The Gripens were surreptitiously reduced in number from 28 to 26 and then half of those put into storage because the SAAF has no budget to operate them.

The SAAF's 54 Cheetah Cs could still quite happily be flying about as most of these are currently doing in the Ecuadorian Air Force.

The SAN acquired four of the most modern frigates in the world under the guise of patrol corvettes. The latest of these is completely non-operational and will remain so until funds get allocated out of the half-life refit budget to remedy its essential defects.

Not long after delivery in 2007 the SAN's first submarine got critically damaged by a combination of lack of proper training, procedures and supervision and that boat has stood alongside or in the shed for six years. It is now receiving some attention from the original supplier, but it remains to be seen whether that will be sufficient to get it fully operational again or merely into the water.

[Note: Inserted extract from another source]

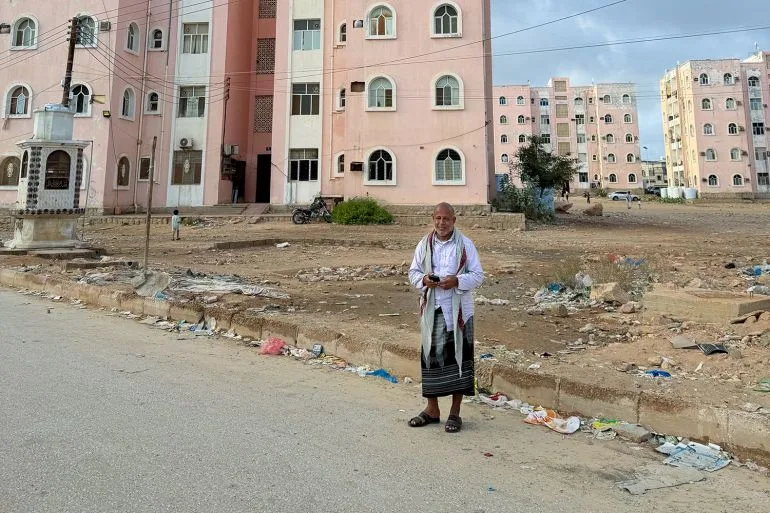 Yemeni Teachers Juggle Multiple Jobs Amid Collapsing Salaries and Rising Protests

But in general the SAN operates at most one frigate and one submarine at a time and that is not all the time, indeed not much of the time.

So in my view it is impossible to be justifying the acquisition on another submarine, another two to four frigates and another fourteen maritime helicopters that this force design calls for and R60 billion budget allows for.

The SA Army "lost out" in the SDPs. Actually in hindsight it was very lucky to do so, otherwise it would have 108 new main battle tanks (later reduced to 54).

Where would we use those?

How would we get them there?

Meanwhile the SA army's 35-year old Ratel infantry fighting vehicles have long since been retired. Yet instead of replacing these with a South African product, and South Africa is one of the best designers and manufacturers of mine-protected armoured vehicles in the world, we go and buy a Finnish product.

In May 2007, Denel Land Systems as prime contractor placed a contract for 264 Finnish Patria AMV vehicles, the Badger under Project Hoefyster, for the South African Army.

So far we have seen none of them.

It does not take 6 years to produce a final product of that type, particularly from an existing design..

But no wonder, the Department of Defence wants to play a direct role in the restructuring of the local defence industry. This was revealed by Defence and Military Veterans Minister Nosiviwe Mapisa-Nqakula in her departmental Budget Vote speech on Thursday last week.

BAE Systems are on record in 2010 suggesting the scrapping of the Badger acquisition and replacing it with its RG41 armoured combat vehicle. That this was three years after the award of contract is particularly noteworthy.

Clearly that the fat lady is yet to sing is an appropriate colloquialism in this instance.

Watch that space.

____________


rmyoung 
4 minutes after 11:40 CAT

@chattabox

I agree with your assessment - for reasons other than those I have set out in my subsequent posting.

But I have vested interests - because I am a South African defence supplier.

I hope eventually to get some of the action - supply action, not military action, that is.


One thing : Helmoed Heitman is infatigable.